> **Working data**:
<<<<
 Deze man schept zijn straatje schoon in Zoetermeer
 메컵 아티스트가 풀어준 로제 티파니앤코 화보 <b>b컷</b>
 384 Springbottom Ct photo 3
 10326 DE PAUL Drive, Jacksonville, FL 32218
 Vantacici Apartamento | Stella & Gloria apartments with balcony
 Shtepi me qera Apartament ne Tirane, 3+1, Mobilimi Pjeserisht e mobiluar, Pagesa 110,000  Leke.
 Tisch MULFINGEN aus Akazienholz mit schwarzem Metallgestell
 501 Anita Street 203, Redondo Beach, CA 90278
>>>>
<<<<
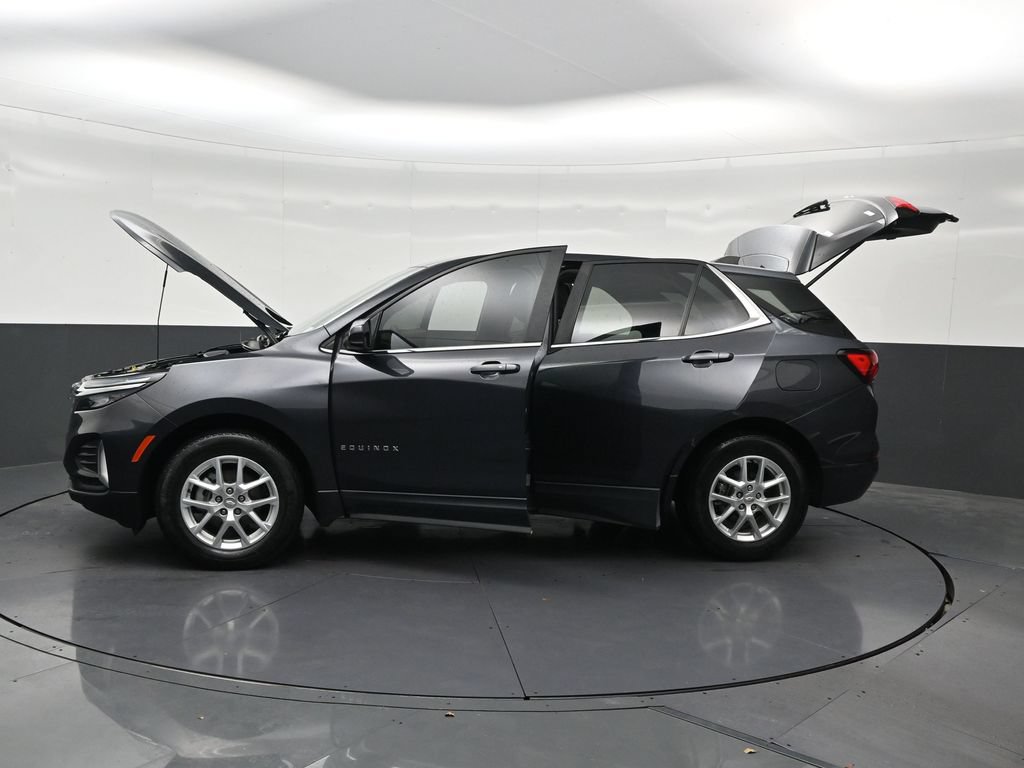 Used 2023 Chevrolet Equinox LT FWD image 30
>>>>
Retype the entries above exactly, but only from the line containing "10326 DE PAUL Drive, Jacksonville, FL 32218" through the line containing "501 Anita Street", both included.

 10326 DE PAUL Drive, Jacksonville, FL 32218
 Vantacici Apartamento | Stella & Gloria apartments with balcony
 Shtepi me qera Apartament ne Tirane, 3+1, Mobilimi Pjeserisht e mobiluar, Pagesa 110,000  Leke.
 Tisch MULFINGEN aus Akazienholz mit schwarzem Metallgestell
 501 Anita Street 203, Redondo Beach, CA 90278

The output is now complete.